En sus comparecencias de estos días, Pedro Sánchez ha proclamado que la solución a los incendios que calcinan España pasa por un «pacto de Estado frente la emergencia climática». El presidente del Gobierno también ha afirmado su voluntad de alcanzar ese pacto con la oposición. Estamos salvados, entonces; porque, si por algo se ha distinguido Sánchez, es por su disposición a ceder lo que sea cuando negocia las cosas que verdaderamente le importan. Para conseguir su última investidura, por ejemplo, estuvo dispuesto a ceder una amnistía. Para facilitar el gobierno de Salvador Illa en Cataluña, estuvo dispuesto a ceder una reforma del sistema de financiación autonómica. Si fue capaz de hacer eso cuando lo que estaba en juego eran unos cargos políticos, ¿qué no estará dispuesto a hacer ahora para afrontar unos incendios devastadores que han afectado a decenas de miles de personas?
Sin embargo, no consta que Rebeca Torró haya hecho aún el check-in en algún hotel próximo a Génova, 13 -o a Bambú, 12-. Tampoco se han publicado fotos de reuniones de la secretaria de Organización socialista con Feijóo o con Abascal. Ni siquiera se ha visto a algún emisario del PSOE departiendo con dirigentes de la oposición bajo imágenes de las urnas de 1996 o 2011 -o de las andaluzas de 2018, las que supusieron la irrupción de Vox en la política nacional-. No parece, por tanto, que el presidente esté dando al pacto de Estado frente la emergencia climática la misma prioridad que le dio al pacto con Puigdemont; esa prioridad que le llevó, hace algunos informes de la UCO, a enviar a Santos Cerdán a Waterloo.

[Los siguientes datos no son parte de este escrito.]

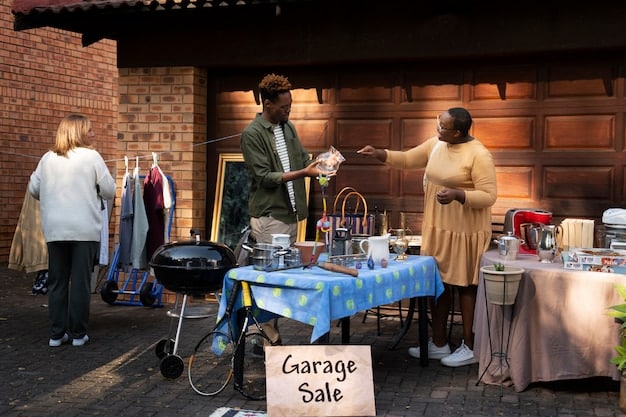 A bustling Japanese flea market with various stalls selling antiques, crafts, and local goods. Shoppers are browsing and interacting with vendors.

Un defensor de Sánchez podría decir que los líderes separatistas mostraron una mayor disposición a negociar con el PSOE de la que han exhibido Feijóo y Abascal. Pero, incluso si eso fuera cierto, Sánchez ha mostrado durante los últimos años que todo voto en el Congreso tiene un precio. Y también ha probado que, si el asunto le importa lo suficiente, él está dispuesto a pagar ese precio, por mucho que esto provoque tensiones entre sus simpatizantes y lastre sus expectativas electorales -ambas cosas ocurrieron con la amnistía y con la financiación singular-. Uno puede dar por hecho, por tanto, que el Partido Popular vendería muy caro su apoyo a la iniciativa del presidente. Pero cuesta imaginar que sus peticiones pudieran ser más extravagantes, más injustas, más dudosamente constitucionales y más hostiles a los presuntos valores de la izquierda, que muchas de las cesiones que Sánchez ya ha hecho a sus socios durante los últimos años. Y así, uno acaba en el mismo lugar al que tantas veces nos ha llevado este presidente: la sospecha de que esas peticiones de acuerdo son solo una maniobra táctica para escurrir el bulto y desgastar al contrario.

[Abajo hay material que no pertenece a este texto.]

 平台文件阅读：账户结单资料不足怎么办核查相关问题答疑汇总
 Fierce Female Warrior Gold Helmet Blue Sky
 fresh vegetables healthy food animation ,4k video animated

Los incendios de los últimos veranos dan fe de problemas muy graves. Y uno de ellos es el fracaso de la política actual para responder seriamente a este tipo de desafíos. Está claro que ese fracaso va más allá de Moncloa o del Congreso, y que se extiende al ámbito autonómico y municipal. Pero también parece claro que esa forma fracasada de hacer política es la única que conoce el Gobierno.